Hello Everyone today, I won a nano set from my local aquarium club meeting. 
I am not sure what the brand is it, but it looks like a Marineland to me. 
It looks like it comes with a Bio Wheel 100 filter with it and I want to make it into a shrimp tank. Seems like that filter is a bit too powerful for this small setup. 

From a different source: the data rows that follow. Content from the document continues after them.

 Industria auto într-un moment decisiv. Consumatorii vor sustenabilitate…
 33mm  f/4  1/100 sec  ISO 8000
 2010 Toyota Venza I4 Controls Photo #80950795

Any tips on how to reduce the intake? 
Following are the picture of the setup, if someone can tell me what brand it is  
Thank you !


----------



## Little Soprano (Mar 13, 2014)

It doesn't look like any Marineland BIOwheel I've seen.... that goes for both Penguins and Emperors. Regardless on my Biowheel 200 I just have 2 of the filter cartridges shoved in there and it's fairly tame after leaves cover up both of the intakes. Just an FYI if you decrease the flow past a certain point, if it is a real Marineland BIOwheel, the biowheel will be useless cause it will freeze :hihi: XD But in all seriousness if you aren't too set on the biowheel, I know mine has quite a bit of depth to it, and it has a LOT of room for filter media. Could load filter sponges (Marineland's blue bonded Rite Size filter pads are easy to cut to size) and put them in there along with Purigen or something. The more you have packed in the media, the more it should slow down the flow. Also one thing I've noticed.... If yours has the mid-tank intake vent, open it, I notice it slowed down my flow a bit, oddly enough.


----------



## PlantedRich (Jul 21, 2010)

For those who would tell us we can never have too much filter? Maybe they never kept shrimp? 

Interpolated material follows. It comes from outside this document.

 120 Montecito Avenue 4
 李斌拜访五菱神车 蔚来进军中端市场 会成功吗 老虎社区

Which if giving you more trouble? Worry about the intake to strong? Easy to slit an Aquaclear type sponge to stick over the intake. Too strong flow at the outlet? I often don't want to cut the actual flow as that does reduce filtering so I work on ways to spread the output so that it come out in more places. This leaves the volume of water the same but reduces velocity. Like a small stream when it comes to a narrow spot? It appears to flow faster but it is still the same amount of water passing. Possible to hang something like plastic under the outflow to divert it some? Letting it fall into a soda bottle bottom so that it doesn't fall straight down ,ay change this part.


----------



## LuckyCharm (Jan 20, 2014)

Right now there's 2 shrimps in there that came with the setup, looks like they are flying all around the tank lol
Since the filter is rated for up to 20 gallon, it's a over kill for the tank it's on. 
I think the tank holds a little more water than a 5 gallon bucket. 

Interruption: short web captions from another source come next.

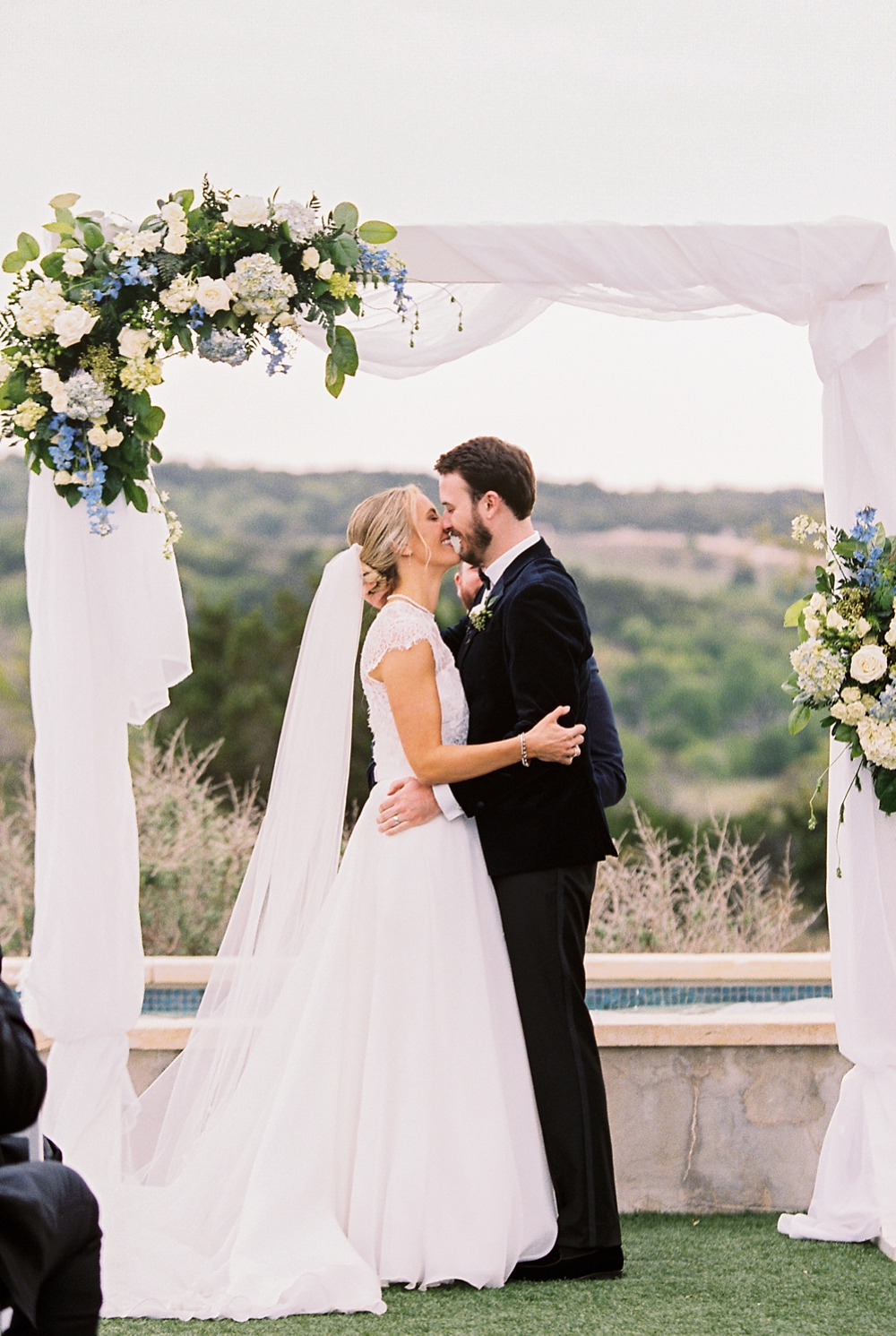 camp hideaway Fredericksburg wedding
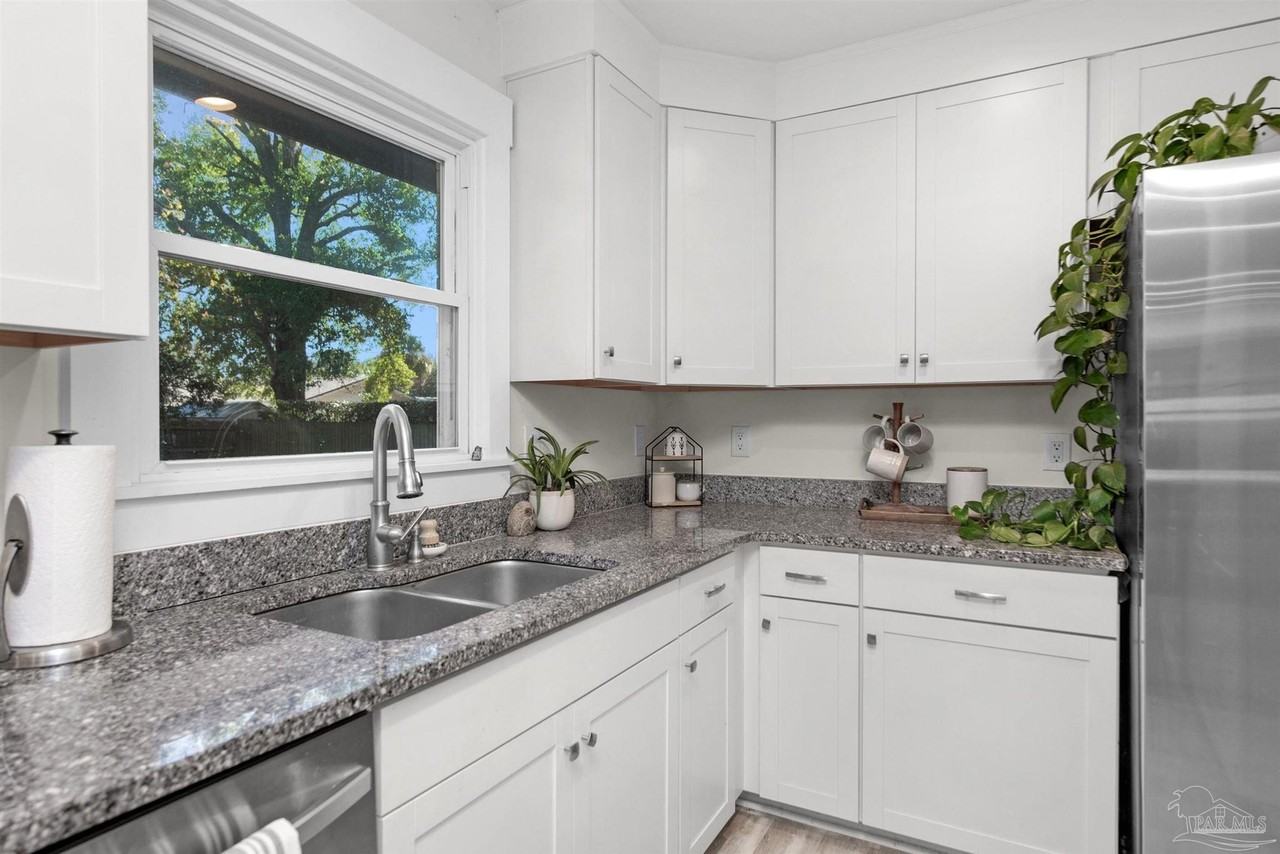 1800 Foulis Dr - Photo 7 of 36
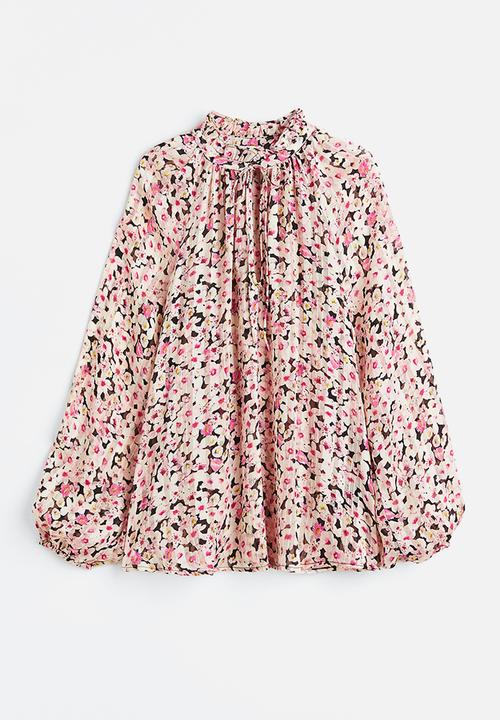 H&M - Frill-trimmed crêpe blouse - pink/small flowers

Based on the input, I think I want get a steel mesh and place it on the putout and have moss there. For that to work, I might have to remove the bio wheel :/


----------



## Steve002 (Feb 7, 2014)

I'd cut down the intake as the simplest method for reducing the flow. One of the HOB filters used to have an intake pipe that swiveled a bit to offset it from the impeller intake below. That way it cut down on the water coming in. Putting a pre-filter on the intake as suggested above will cut flow down and protect the shrimp at the same time.


----------



## aja31 (May 25, 2013)

In my betta tank I cut up an aquarium sponge and stuffed it into the intake. Cut the flow in half. Also makes the bio wheel useless though, I added some ceramic bio media instead. 

anything you do to the outlet will still leave you with the same total flow but if you can spread it out enough it may help.


----------



## CrypticLifeStyle (Jan 16, 2013)

The big chain stores i think still sell the fluval edge prefilters, and they are $2-3. They work pretty good, it'll slow your flow. I use them on a powerhead in my shrimp tank, and have used them on hob's. Just have to squeeze rinse it off once a week or 2 real quick.


----------